### Exercise details
Every line of the material is to be given again exactly.

### Records for the task
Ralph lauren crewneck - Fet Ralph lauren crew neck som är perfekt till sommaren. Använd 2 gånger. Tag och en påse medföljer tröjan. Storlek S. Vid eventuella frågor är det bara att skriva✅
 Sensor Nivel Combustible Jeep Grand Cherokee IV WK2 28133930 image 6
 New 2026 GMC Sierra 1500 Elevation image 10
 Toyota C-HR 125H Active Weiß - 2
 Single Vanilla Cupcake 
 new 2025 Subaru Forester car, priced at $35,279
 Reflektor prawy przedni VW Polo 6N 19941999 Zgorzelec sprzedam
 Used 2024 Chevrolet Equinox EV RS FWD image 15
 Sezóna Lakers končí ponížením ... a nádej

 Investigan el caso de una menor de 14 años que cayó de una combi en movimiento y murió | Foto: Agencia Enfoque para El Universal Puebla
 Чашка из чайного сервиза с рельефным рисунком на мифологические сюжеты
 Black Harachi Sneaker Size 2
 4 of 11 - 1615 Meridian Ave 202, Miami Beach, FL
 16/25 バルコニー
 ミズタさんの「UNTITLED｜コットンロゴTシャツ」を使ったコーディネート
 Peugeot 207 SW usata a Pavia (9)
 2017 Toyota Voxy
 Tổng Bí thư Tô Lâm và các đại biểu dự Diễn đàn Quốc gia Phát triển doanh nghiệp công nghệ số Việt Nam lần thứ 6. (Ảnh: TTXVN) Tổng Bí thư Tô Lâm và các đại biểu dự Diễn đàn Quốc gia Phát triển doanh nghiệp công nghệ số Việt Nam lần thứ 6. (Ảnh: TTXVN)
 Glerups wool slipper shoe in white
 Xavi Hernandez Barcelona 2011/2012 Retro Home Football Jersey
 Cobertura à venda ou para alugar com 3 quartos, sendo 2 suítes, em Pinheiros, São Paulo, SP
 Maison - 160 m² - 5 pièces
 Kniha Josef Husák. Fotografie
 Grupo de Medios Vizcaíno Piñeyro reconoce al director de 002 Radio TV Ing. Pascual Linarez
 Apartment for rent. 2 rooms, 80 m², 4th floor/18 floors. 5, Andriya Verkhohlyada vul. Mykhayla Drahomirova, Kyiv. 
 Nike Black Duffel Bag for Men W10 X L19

### Exercise result
Ralph lauren crewneck - Fet Ralph lauren crew neck som är perfekt till sommaren. Använd 2 gånger. Tag och en påse medföljer tröjan. Storlek S. Vid eventuella frågor är det bara att skriva✅
 Sensor Nivel Combustible Jeep Grand Cherokee IV WK2 28133930 image 6
 New 2026 GMC Sierra 1500 Elevation image 10
 Toyota C-HR 125H Active Weiß - 2
 Single Vanilla Cupcake 
 new 2025 Subaru Forester car, priced at $35,279
 Reflektor prawy przedni VW Polo 6N 19941999 Zgorzelec sprzedam
 Used 2024 Chevrolet Equinox EV RS FWD image 15
 Sezóna Lakers končí ponížením ... a nádej

 Investigan el caso de una menor de 14 años que cayó de una combi en movimiento y murió | Foto: Agencia Enfoque para El Universal Puebla
 Чашка из чайного сервиза с рельефным рисунком на мифологические сюжеты
 Black Harachi Sneaker Size 2
 4 of 11 - 1615 Meridian Ave 202, Miami Beach, FL
 16/25 バルコニー
 ミズタさんの「UNTITLED｜コットンロゴTシャツ」を使ったコーディネート
 Peugeot 207 SW usata a Pavia (9)
 2017 Toyota Voxy
 Tổng Bí thư Tô Lâm và các đại biểu dự Diễn đàn Quốc gia Phát triển doanh nghiệp công nghệ số Việt Nam lần thứ 6. (Ảnh: TTXVN) Tổng Bí thư Tô Lâm và các đại biểu dự Diễn đàn Quốc gia Phát triển doanh nghiệp công nghệ số Việt Nam lần thứ 6. (Ảnh: TTXVN)
 Glerups wool slipper shoe in white
 Xavi Hernandez Barcelona 2011/2012 Retro Home Football Jersey
 Cobertura à venda ou para alugar com 3 quartos, sendo 2 suítes, em Pinheiros, São Paulo, SP
 Maison - 160 m² - 5 pièces
 Kniha Josef Husák. Fotografie
 Grupo de Medios Vizcaíno Piñeyro reconoce al director de 002 Radio TV Ing. Pascual Linarez
 Apartment for rent. 2 rooms, 80 m², 4th floor/18 floors. 5, Andriya Verkhohlyada vul. Mykhayla Drahomirova, Kyiv. 
 Nike Black Duffel Bag for Men W10 X L19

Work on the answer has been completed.